Now that the HTML5 tokenizer appears to be sticking, it's time to start working on the tree building algorithm. This is a master bug that will accumulate dependencies on the individual patches. We're going to try to re-use as much code from the LegacyHTMLTreeBuilder as possible.
Created attachment 60603 [details] current html5lib test failure diff We're close to "parity" in the sense that we have roughly the same number of test progressions as test failures. The + lines are new failures. The - lines are test progressions. (Of course, this metric doesn't account for the importance of each test.)
It's also possible to create the attached diff in trac directly: http://trac.webkit.org/changeset?old_path=/trunk/LayoutTests/html5lib/runner-expected.txt&old=62584&new_path=/trunk/LayoutTests/html5lib/runner-expected-html5.txt&new=62584 (You have to update the revisions every time though.)
Created attachment 60993 [details] current html5lib test failure diff Once we land all the patches that are pending-review and pending-commit, we'll be down to one (or possibly two) regressions on the HTML5 lib test suite (and a massive number of progressions). The main things left to implement are the following: 1) <textarea> isn't properly ignoring the next token if it's a newline. 2) There's some bug in our reconstruction of formatting elements after tables. 3) We don't handle foreign content (i.e., SVG-in-HTML and MathML-in-HTML). Currently, we appear to be failing almost all the LayoutTests, so there's a bunch of work still left to do once we finishing the HTML5lib test suite. :)
Oh, I forgot. We still need to do fragment parsing.

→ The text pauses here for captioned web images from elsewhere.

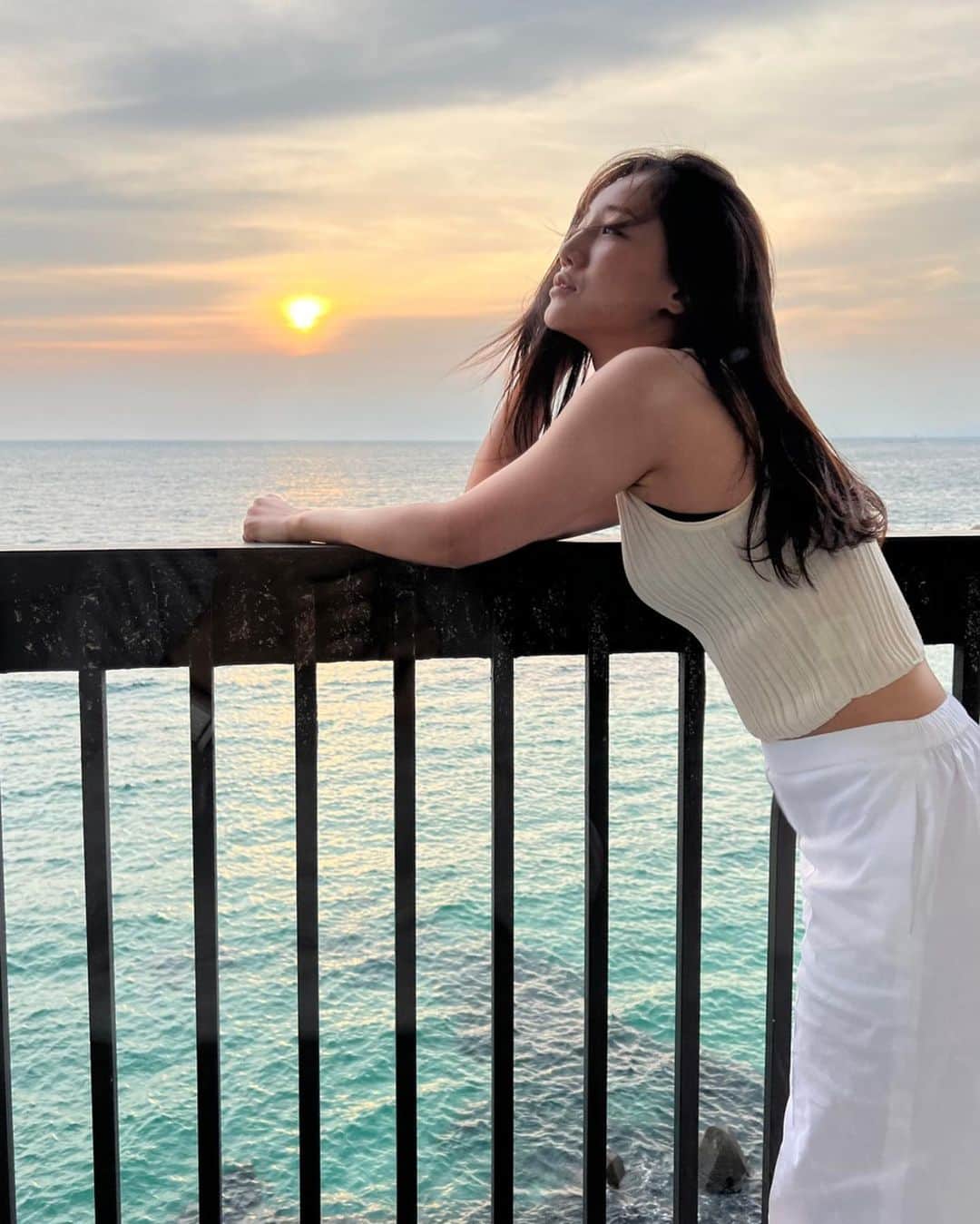 森川侑美のインスタグラム：「今日は大雨の中🚙出発したのに こんなに綺麗な夕陽が見れるなんて🥹⛵️✨  嬉しくて何枚も何枚も写真お願いしてたら 母にもう勘弁して−🥵って言われた🤭ﾌﾟ笑笑  今から温泉へ〜♨️🧖🏻‍♀️  #GW#親子旅行#犬同伴旅行#白浜#夕陽 #5月#初夏？#タンクトップ」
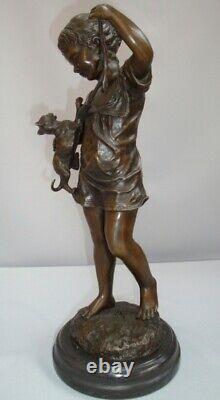 Statue Sculpture Chat Style Art Deco Style Art Nouveau Bronze massif Signe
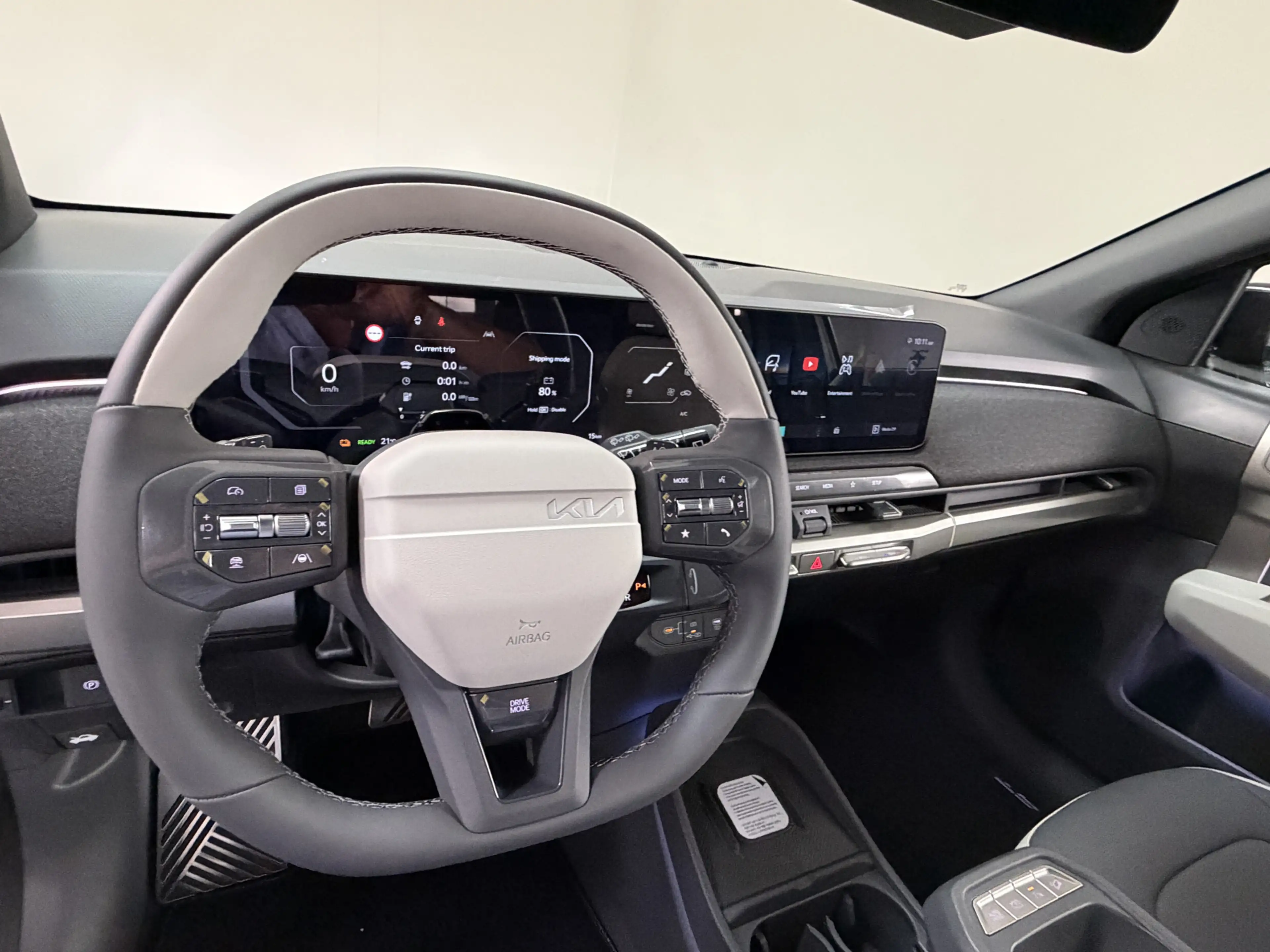 Kia EV3 GT-PlusLine 81.4 kWh 204 PK direct leverbaar en ri — photo 16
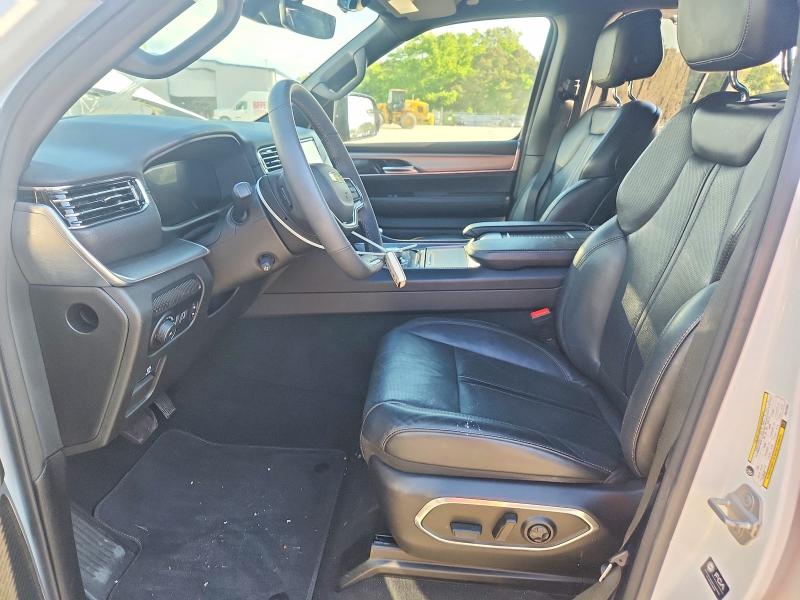 Продажа на аукционе авто 2023 Jeep Wagoneer, vin: 1C4SJVBP9PS574365, номер лота: 52984366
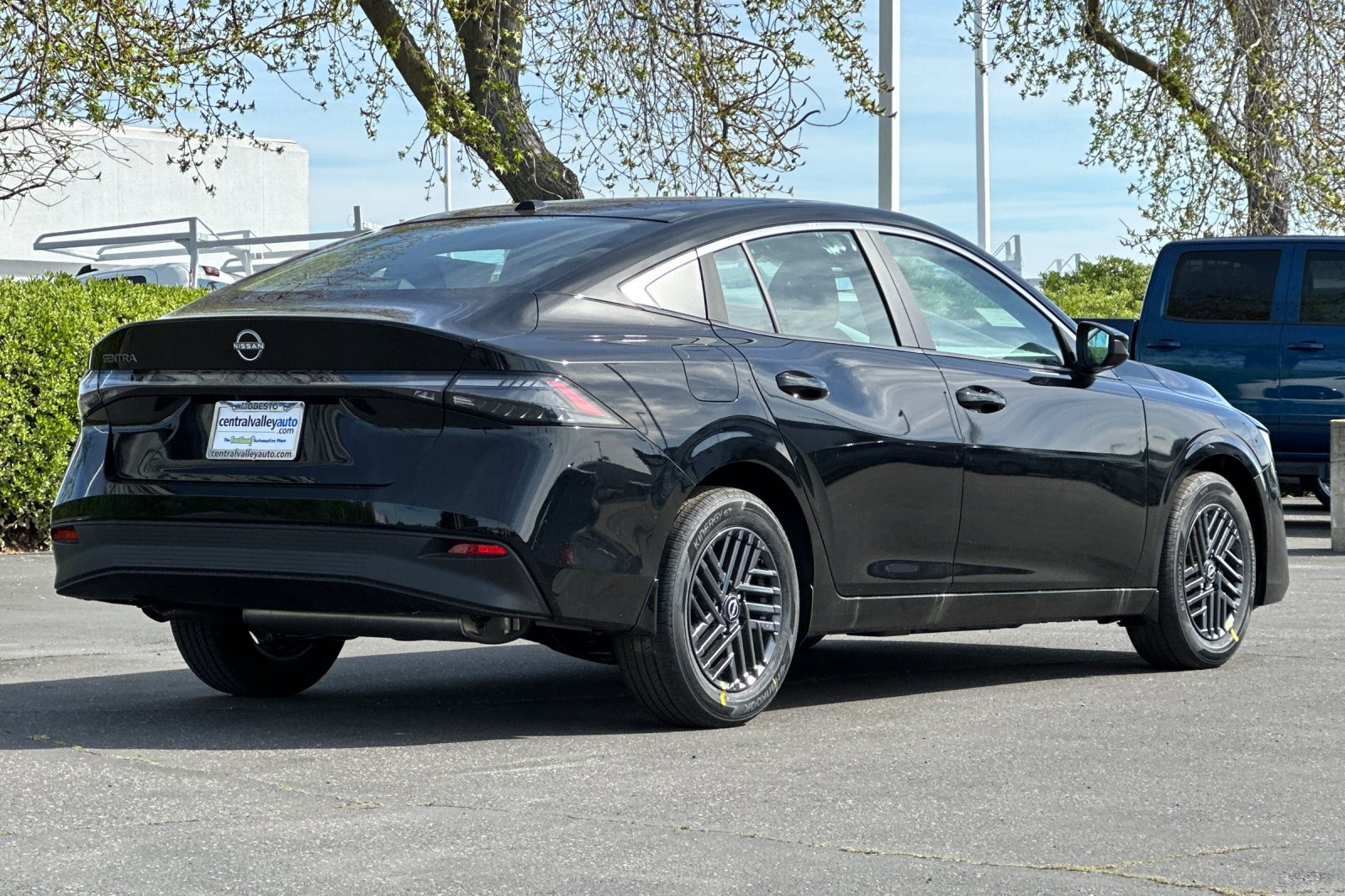 New 2026 Nissan Sentra SV w/ Floor Mat Package FWD image 4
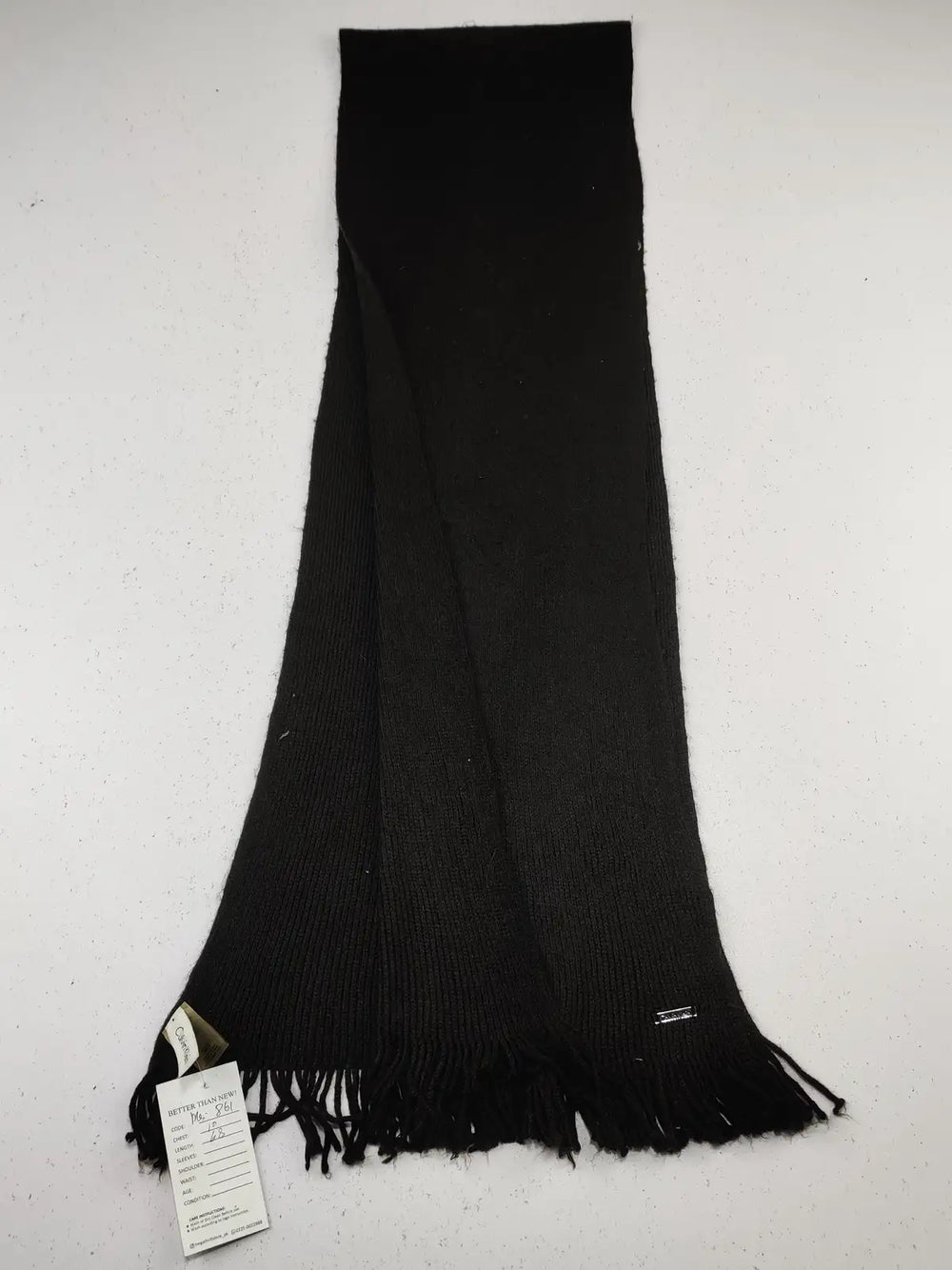 Buy online pre-used pre-loved 100% authentic & Original branded Calvin Klein (MS-861) available in Pakistan. Top international brands avilable.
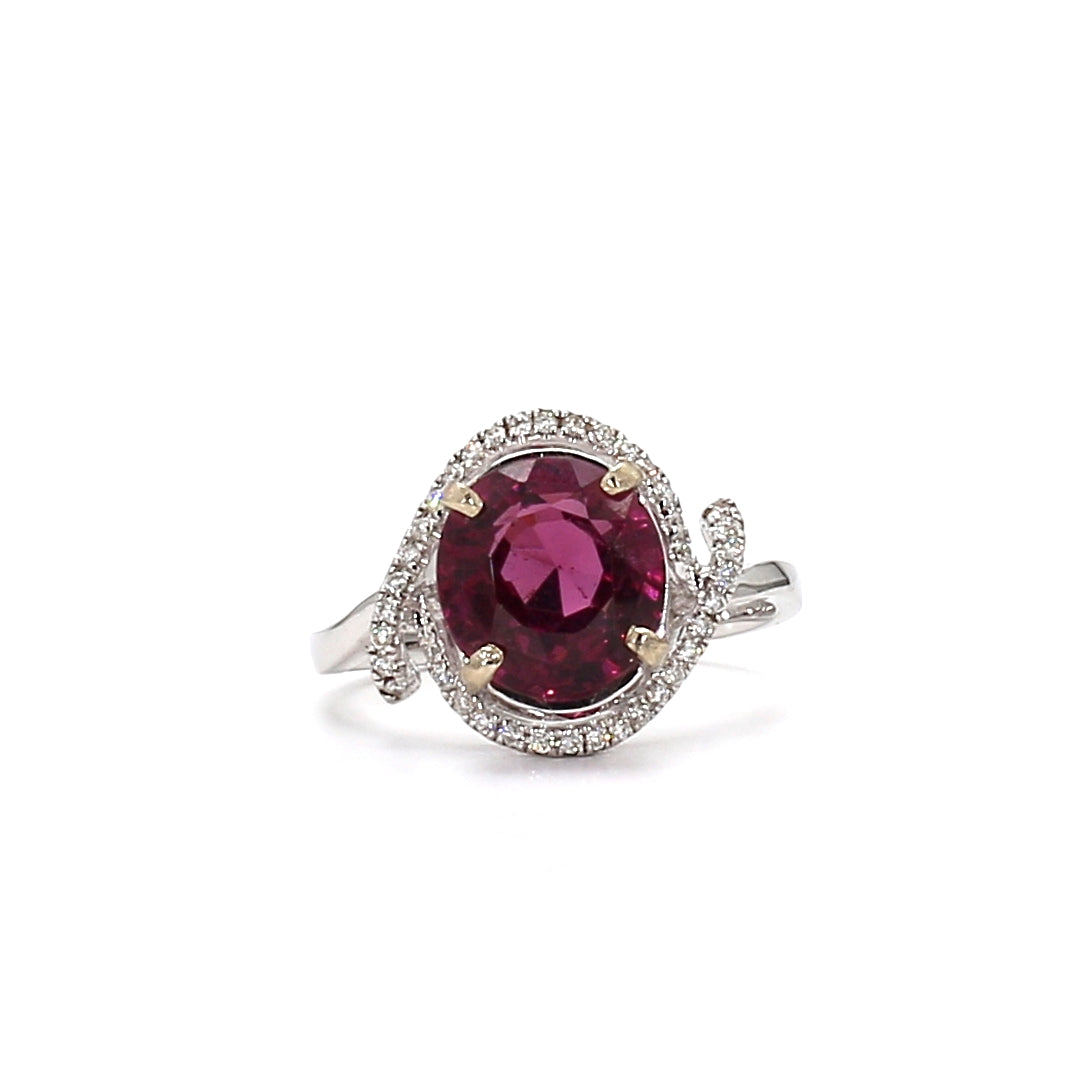 Round Tourmaline and Diamond Rin – A Classic Union of Passion and Brilliance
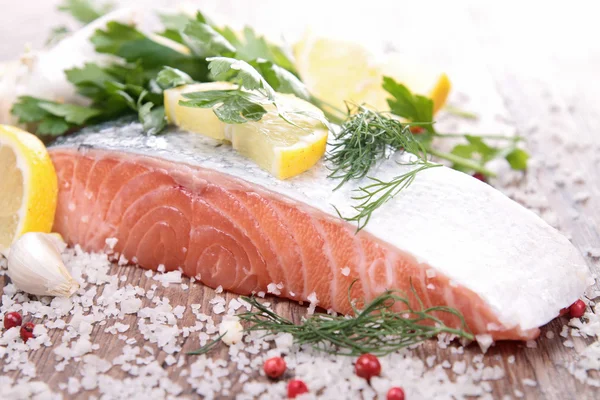 Сырой лосось и ингредиенты — стоковое фото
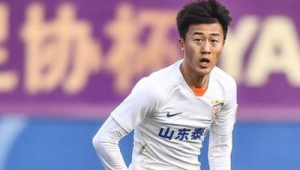 门将把足球当成篮球犯规吗?探讨足球赛场这一争议行为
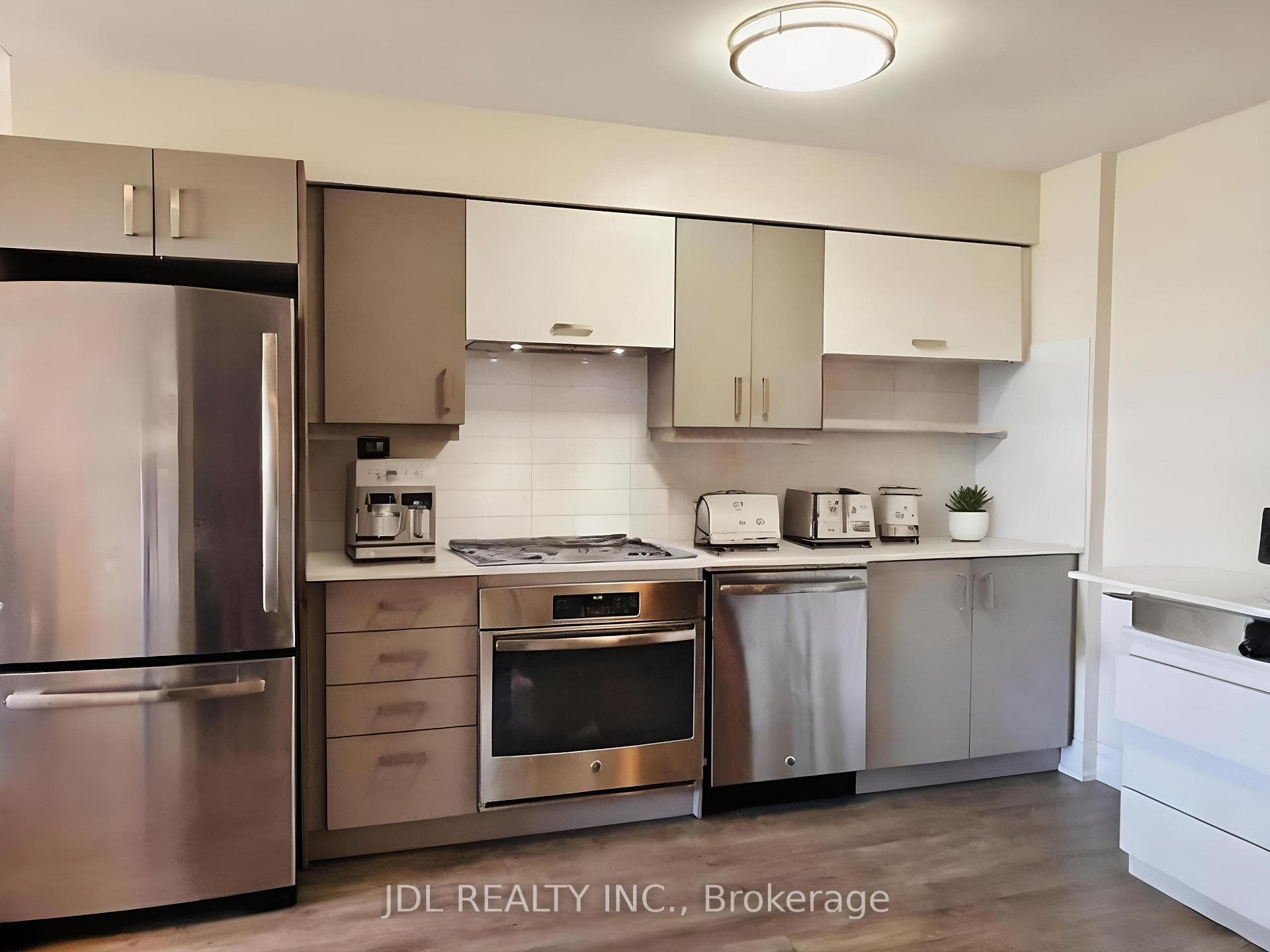 18 Uptown Drive Unit 1206 photo 8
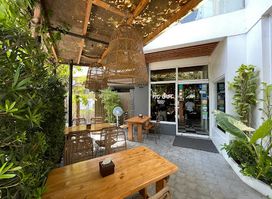 The Pig Out Bistro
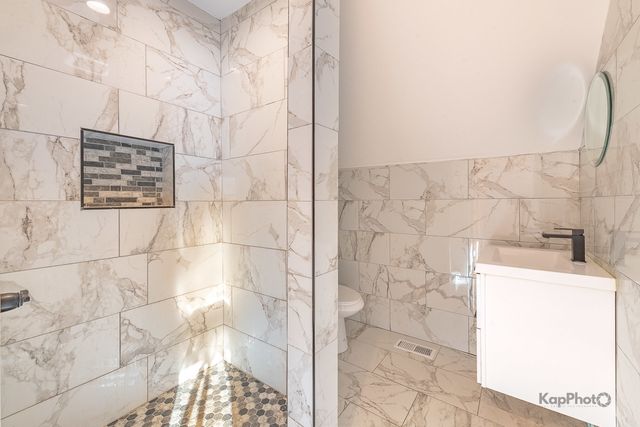 527 N Ridgeway Avenue, Chicago, IL 60624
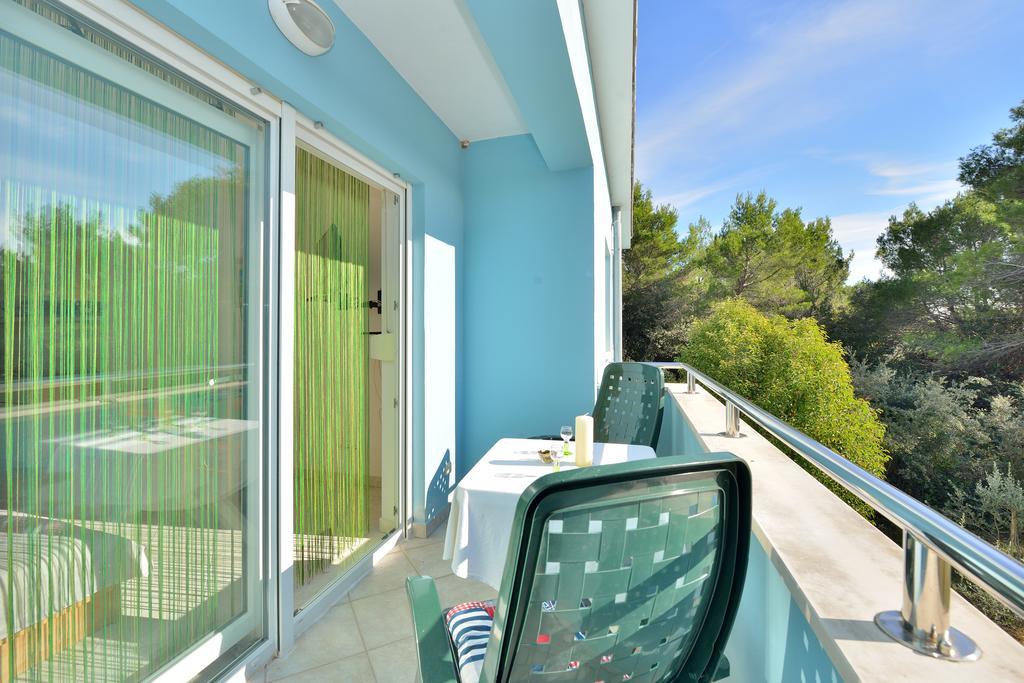 Sara Apartments Петрчане Номер фото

We've triaged all the remaining LayoutTest failures: https://spreadsheets.google.com/ccc?key=0AlC4tS7Ao1fIdEo0SFdLaVpiclBHMVNQcHlTenV5TEE&hl=en There are about 150 failures, but only a handful a bugs. Some of the popular items for different test results are the insertion of fake colgroup elements and the insertion of whitespace nodes between </head> and <body>. There are certainly some real bugs in there that need to be fixed, however.
I think we're ready to try turning this on. The bugs we've been fixing recently aren't really blocking issues anymore.
I measured the PLT and the new tree builder was a 1% win. Testing r64159.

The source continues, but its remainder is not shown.